What the exercise asks
Would you please print exactly the lines that run from the one with "3-11 RS3 Math" to the last line of the data, both included, without any pictures?

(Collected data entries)
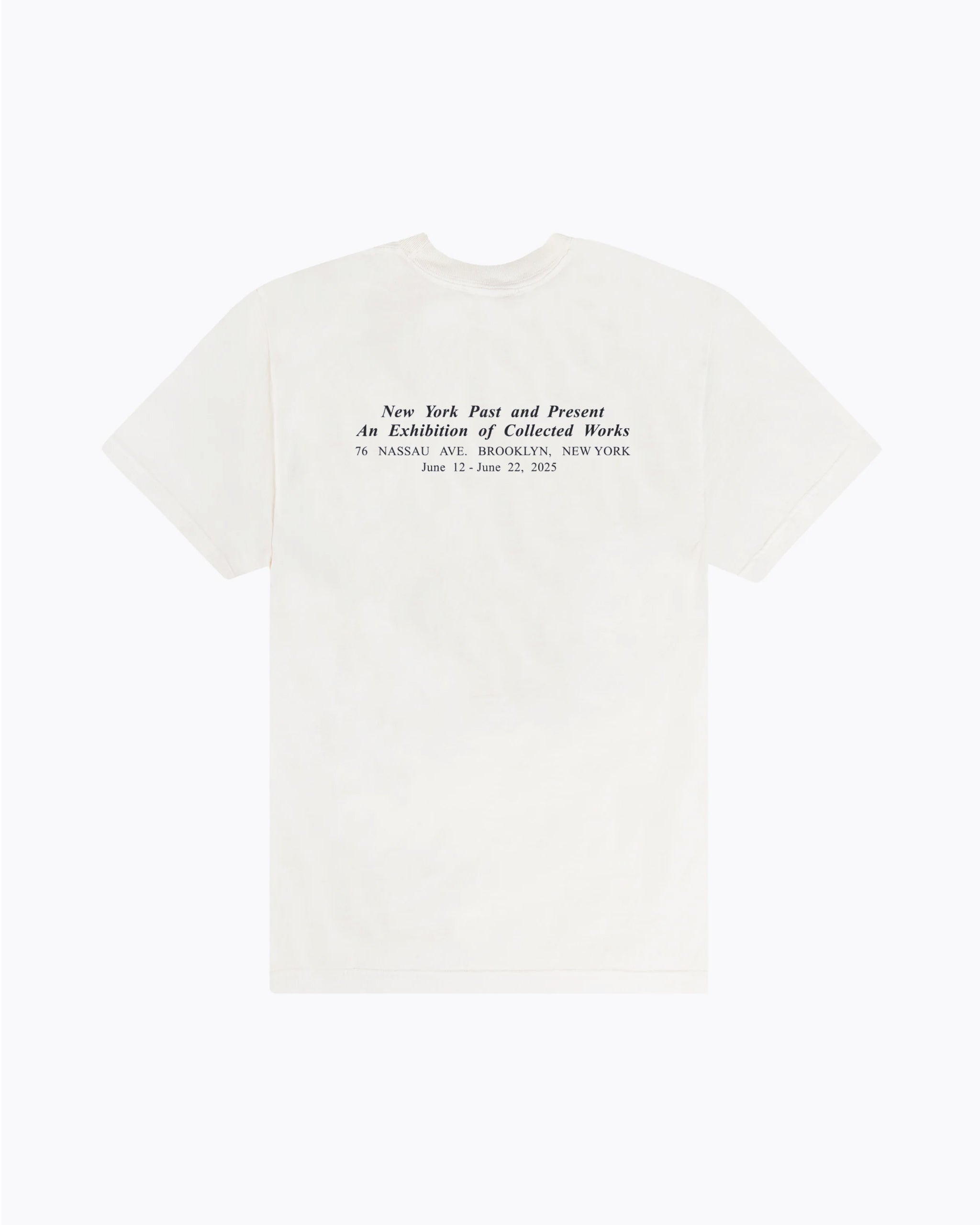 Exhibition Tee - White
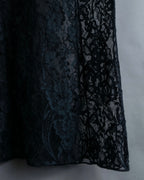 "D&amp;G" Botanical pattern lace shift dress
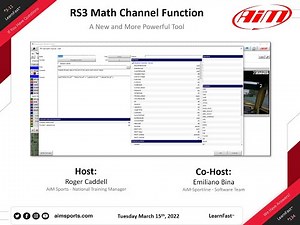 3-11 RS3 Math Channel Function, A New and More Powerful Tool with Emiliano Bina - 3/15/2022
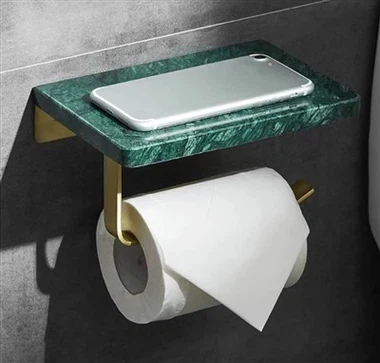 Moderní mosazný toaletní papír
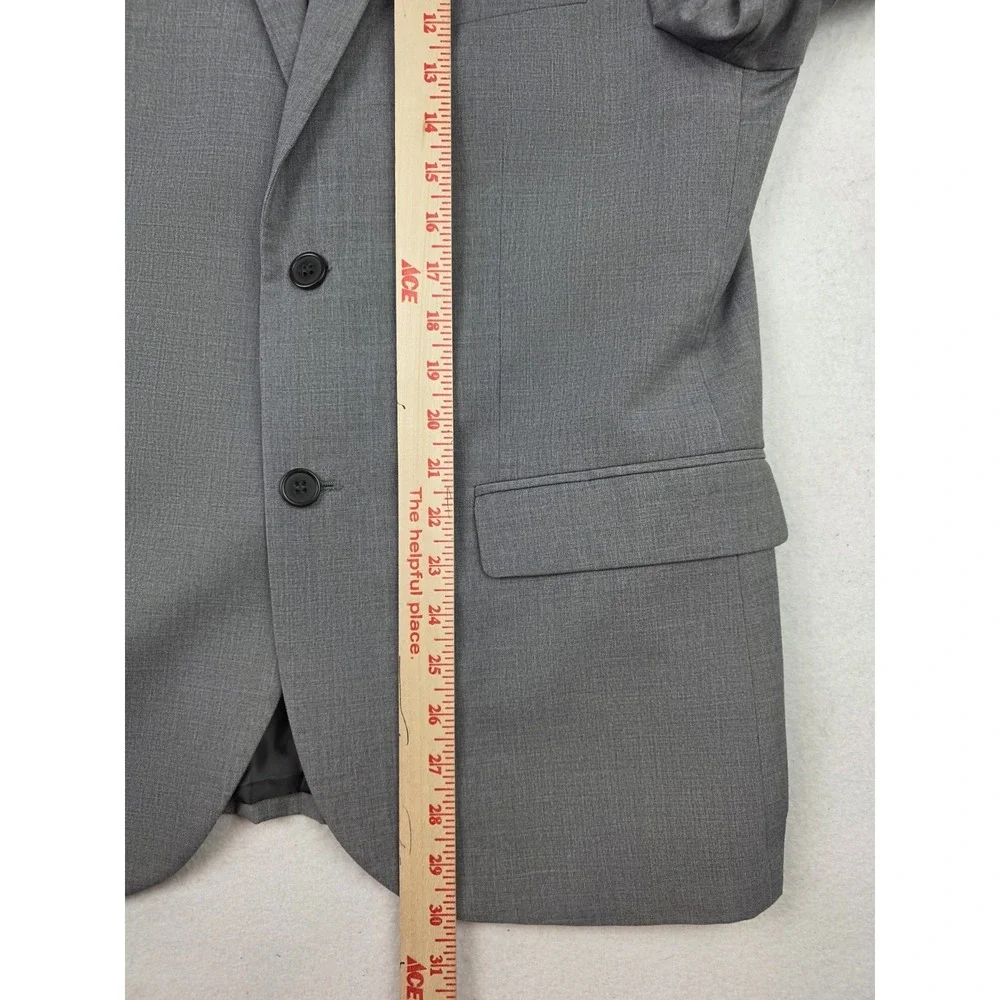 H&M Sport Coat Blazer‎ 40R Mens Dark Grey Suit Jacket Two Button Formal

Completed task
 3-11 RS3 Math Channel Function, A New and More Powerful Tool with Emiliano Bina - 3/15/2022
 Moderní mosazný toaletní papír
 H&M Sport Coat Blazer‎ 40R Mens Dark Grey Suit Jacket Two Button Formal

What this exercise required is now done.